PROBLEM:
Repeat the data verbatim.

───── DATASET EXTRACT ─────

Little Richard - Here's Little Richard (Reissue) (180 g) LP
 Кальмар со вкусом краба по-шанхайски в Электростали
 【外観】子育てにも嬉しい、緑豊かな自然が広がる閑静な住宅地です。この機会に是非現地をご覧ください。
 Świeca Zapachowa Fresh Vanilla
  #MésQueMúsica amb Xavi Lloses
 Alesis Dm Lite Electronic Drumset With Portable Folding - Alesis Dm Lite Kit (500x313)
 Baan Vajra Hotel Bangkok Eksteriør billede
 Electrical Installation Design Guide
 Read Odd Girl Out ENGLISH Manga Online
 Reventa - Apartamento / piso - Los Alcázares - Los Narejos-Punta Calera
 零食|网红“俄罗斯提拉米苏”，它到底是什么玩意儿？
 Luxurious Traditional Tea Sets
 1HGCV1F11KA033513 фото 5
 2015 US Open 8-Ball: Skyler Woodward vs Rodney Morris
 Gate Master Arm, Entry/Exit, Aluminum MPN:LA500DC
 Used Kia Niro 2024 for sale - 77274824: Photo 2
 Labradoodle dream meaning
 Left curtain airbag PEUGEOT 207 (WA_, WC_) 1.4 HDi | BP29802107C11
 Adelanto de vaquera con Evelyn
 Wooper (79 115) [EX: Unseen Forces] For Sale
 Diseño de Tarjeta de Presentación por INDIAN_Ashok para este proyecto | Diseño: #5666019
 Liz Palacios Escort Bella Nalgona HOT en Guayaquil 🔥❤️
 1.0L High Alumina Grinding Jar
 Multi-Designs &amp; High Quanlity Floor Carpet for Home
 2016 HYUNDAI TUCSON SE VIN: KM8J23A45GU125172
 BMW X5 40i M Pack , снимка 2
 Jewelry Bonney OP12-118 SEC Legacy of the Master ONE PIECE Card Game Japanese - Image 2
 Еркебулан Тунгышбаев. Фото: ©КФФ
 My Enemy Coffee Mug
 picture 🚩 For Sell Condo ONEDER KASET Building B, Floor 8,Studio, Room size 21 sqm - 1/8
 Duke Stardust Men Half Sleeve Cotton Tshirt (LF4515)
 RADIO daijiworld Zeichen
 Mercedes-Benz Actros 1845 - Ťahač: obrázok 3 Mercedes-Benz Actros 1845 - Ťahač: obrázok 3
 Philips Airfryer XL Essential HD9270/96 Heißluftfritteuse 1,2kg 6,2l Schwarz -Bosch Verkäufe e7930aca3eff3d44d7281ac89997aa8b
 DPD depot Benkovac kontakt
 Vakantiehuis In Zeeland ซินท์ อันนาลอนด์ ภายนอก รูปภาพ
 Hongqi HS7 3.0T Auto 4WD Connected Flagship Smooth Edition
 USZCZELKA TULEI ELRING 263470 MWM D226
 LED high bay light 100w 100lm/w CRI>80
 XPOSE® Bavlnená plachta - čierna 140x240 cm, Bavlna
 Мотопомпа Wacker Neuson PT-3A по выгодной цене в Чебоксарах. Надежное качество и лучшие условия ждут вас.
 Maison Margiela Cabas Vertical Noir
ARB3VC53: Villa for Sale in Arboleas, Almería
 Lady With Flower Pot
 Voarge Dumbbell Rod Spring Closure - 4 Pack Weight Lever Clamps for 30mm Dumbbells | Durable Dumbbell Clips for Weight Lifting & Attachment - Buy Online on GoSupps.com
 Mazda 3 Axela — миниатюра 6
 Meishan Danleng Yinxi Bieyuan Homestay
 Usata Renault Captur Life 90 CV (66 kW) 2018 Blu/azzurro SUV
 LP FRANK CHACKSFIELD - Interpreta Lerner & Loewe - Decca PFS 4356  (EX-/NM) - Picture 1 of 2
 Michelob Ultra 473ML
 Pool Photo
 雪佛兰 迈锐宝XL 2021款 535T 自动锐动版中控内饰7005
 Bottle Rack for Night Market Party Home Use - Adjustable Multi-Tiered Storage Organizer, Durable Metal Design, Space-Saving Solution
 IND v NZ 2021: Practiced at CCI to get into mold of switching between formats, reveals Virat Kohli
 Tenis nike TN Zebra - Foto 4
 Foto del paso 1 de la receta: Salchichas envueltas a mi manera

─────

OUTPUT FOR THIS TASK:
Little Richard - Here's Little Richard (Reissue) (180 g) LP
 Кальмар со вкусом краба по-шанхайски в Электростали
 【外観】子育てにも嬉しい、緑豊かな自然が広がる閑静な住宅地です。この機会に是非現地をご覧ください。
 Świeca Zapachowa Fresh Vanilla
  #MésQueMúsica amb Xavi Lloses
 Alesis Dm Lite Electronic Drumset With Portable Folding - Alesis Dm Lite Kit (500x313)
 Baan Vajra Hotel Bangkok Eksteriør billede
 Electrical Installation Design Guide
 Read Odd Girl Out ENGLISH Manga Online
 Reventa - Apartamento / piso - Los Alcázares - Los Narejos-Punta Calera
 零食|网红“俄罗斯提拉米苏”，它到底是什么玩意儿？
 Luxurious Traditional Tea Sets
 1HGCV1F11KA033513 фото 5
 2015 US Open 8-Ball: Skyler Woodward vs Rodney Morris
 Gate Master Arm, Entry/Exit, Aluminum MPN:LA500DC
 Used Kia Niro 2024 for sale - 77274824: Photo 2
 Labradoodle dream meaning
 Left curtain airbag PEUGEOT 207 (WA_, WC_) 1.4 HDi | BP29802107C11
 Adelanto de vaquera con Evelyn
 Wooper (79 115) [EX: Unseen Forces] For Sale
 Diseño de Tarjeta de Presentación por INDIAN_Ashok para este proyecto | Diseño: #5666019
 Liz Palacios Escort Bella Nalgona HOT en Guayaquil 🔥❤️
 1.0L High Alumina Grinding Jar
 Multi-Designs &amp; High Quanlity Floor Carpet for Home
 2016 HYUNDAI TUCSON SE VIN: KM8J23A45GU125172
 BMW X5 40i M Pack , снимка 2
 Jewelry Bonney OP12-118 SEC Legacy of the Master ONE PIECE Card Game Japanese - Image 2
 Еркебулан Тунгышбаев. Фото: ©КФФ
 My Enemy Coffee Mug
 picture 🚩 For Sell Condo ONEDER KASET Building B, Floor 8,Studio, Room size 21 sqm - 1/8
 Duke Stardust Men Half Sleeve Cotton Tshirt (LF4515)
 RADIO daijiworld Zeichen
 Mercedes-Benz Actros 1845 - Ťahač: obrázok 3 Mercedes-Benz Actros 1845 - Ťahač: obrázok 3
 Philips Airfryer XL Essential HD9270/96 Heißluftfritteuse 1,2kg 6,2l Schwarz -Bosch Verkäufe e7930aca3eff3d44d7281ac89997aa8b
 DPD depot Benkovac kontakt
 Vakantiehuis In Zeeland ซินท์ อันนาลอนด์ ภายนอก รูปภาพ
 Hongqi HS7 3.0T Auto 4WD Connected Flagship Smooth Edition
 USZCZELKA TULEI ELRING 263470 MWM D226
 LED high bay light 100w 100lm/w CRI>80
 XPOSE® Bavlnená plachta - čierna 140x240 cm, Bavlna
 Мотопомпа Wacker Neuson PT-3A по выгодной цене в Чебоксарах. Надежное качество и лучшие условия ждут вас.
 Maison Margiela Cabas Vertical Noir
ARB3VC53: Villa for Sale in Arboleas, Almería
 Lady With Flower Pot
 Voarge Dumbbell Rod Spring Closure - 4 Pack Weight Lever Clamps for 30mm Dumbbells | Durable Dumbbell Clips for Weight Lifting & Attachment - Buy Online on GoSupps.com
 Mazda 3 Axela — миниатюра 6
 Meishan Danleng Yinxi Bieyuan Homestay
 Usata Renault Captur Life 90 CV (66 kW) 2018 Blu/azzurro SUV
 LP FRANK CHACKSFIELD - Interpreta Lerner & Loewe - Decca PFS 4356  (EX-/NM) - Picture 1 of 2
 Michelob Ultra 473ML
 Pool Photo
 雪佛兰 迈锐宝XL 2021款 535T 自动锐动版中控内饰7005
 Bottle Rack for Night Market Party Home Use - Adjustable Multi-Tiered Storage Organizer, Durable Metal Design, Space-Saving Solution
 IND v NZ 2021: Practiced at CCI to get into mold of switching between formats, reveals Virat Kohli
 Tenis nike TN Zebra - Foto 4
 Foto del paso 1 de la receta: Salchichas envueltas a mi manera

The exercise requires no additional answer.